Thursday, February 7, 2013

James O'Brien's "The Scientific Sherlock Holmes"

Jim O'Brien is Distinguished Professor Emeritus at Missouri State University. A lifelong fan of Holmes, O'Brien presented his paper "What Kind of Chemist Was Sherlock Holmes" at the 1992 national American Chemical Society meeting, which resulted in an invitation to write a chapter on Holmes the chemist in the book Chemistry and Science Fiction. O'Brien has since given over 120 lectures on Holmes and science.

He applied the “Page 99 Test” to his latest book, The Scientific Sherlock Holmes: Cracking the Case with Science and Forensics, and reported the following:
How distressing! The Scientific Sherlock Holmes fails the page 99 test. On that page a figure takes up so much space that there is room for only four full sentences and a partial one. So I am proposing an update to Ford Madox Ford’s dictum. Read nine page nines and then decide about a book.

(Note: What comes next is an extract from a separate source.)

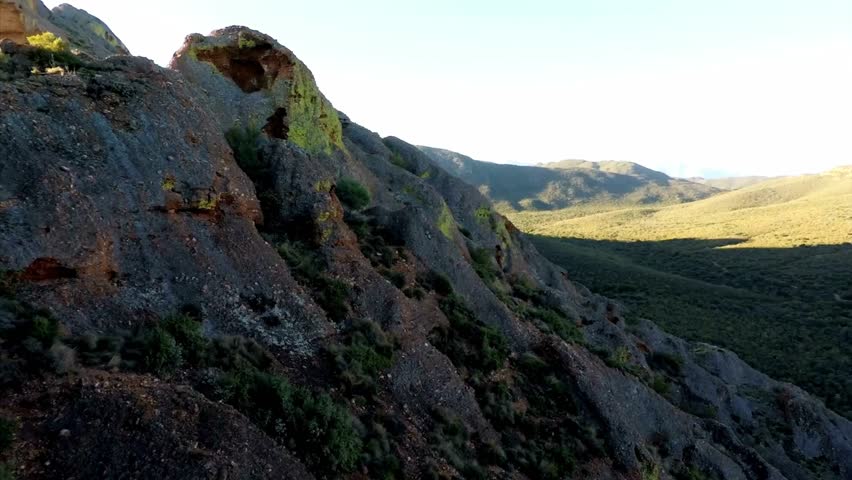 Mountainous Landscape with Rock Formations and Desert Vegetation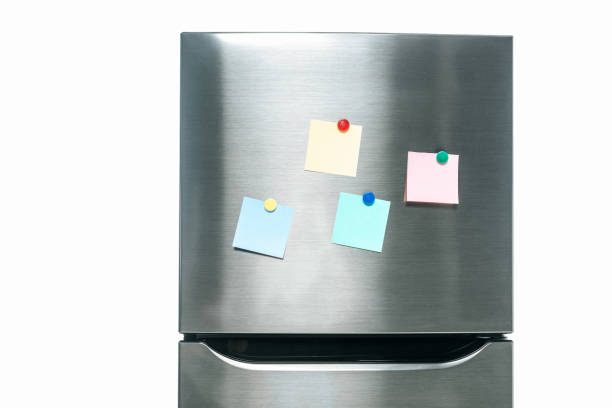 istock stainless steel fridge with blank sticky notes on freezer isolated on white 1195258019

In my book page 9 compares the author of the Holmes stories, Sir Arthur Conan Doyle, to the writer who influenced him most, Edgar Allan Poe. Conan Doyle “borrowed” plots from Poe’s detective tales.

Page 19 shows the deductive Holmes at his best. He amazes the recently arrived John Hector McFarlane with these words:
“You mentioned your name as if I should recognize it, but I assure you, that beyond the obvious facts that you are a bachelor, a solicitor, a Freemason, and an asthmatic, I know nothing whatever about you.”
On page 29 we see how differently Holmes and Watson view women. Here are their descriptions of her in The Second Stain.
Watson: “the most lovely woman in London; a queenly figure.”

Holmes: “Think of her appearance Watson – her manner, her suppressed excitement, her restlessness, her tenacity in asking questions.”
Page 49 gives us a glimpse of Mycroft Holmes, Sherlock’s older, indolent brother. The strange Mycroft is so unsociable that he is a founding member of the Diogenes Club, where no speaking is allowed.

Page 59 finds Holmes brilliantly using footprint evidence around Boscombe Pool to solve the murder.

Three famous cases of the twentieth century have been called the crime of the century. On page 69 we learn that they are the Lindbergh baby kidnapping of 1932, the Alger Hiss espionage case of 1950, and the O. J. Simpson case of 1994.

Once again on page 79 we see the influence of Poe on Conan Doyle. This time it is his use of cryptograms in The Gold Bug. Conan Doyle himself stated that “all cryptogram solving yarns trace back to” Poe’s story. Holmes deals with a similar code in The Dancing Men.

Finally, on page 89 we learn that the brilliant Holmes is ignorant of basic facts of astronomy.

If Ford Madox Ford read only page 99 of The Scientific Sherlock Holmes, he probably would not have read the whole book. But I think he would have enjoyed it if he did.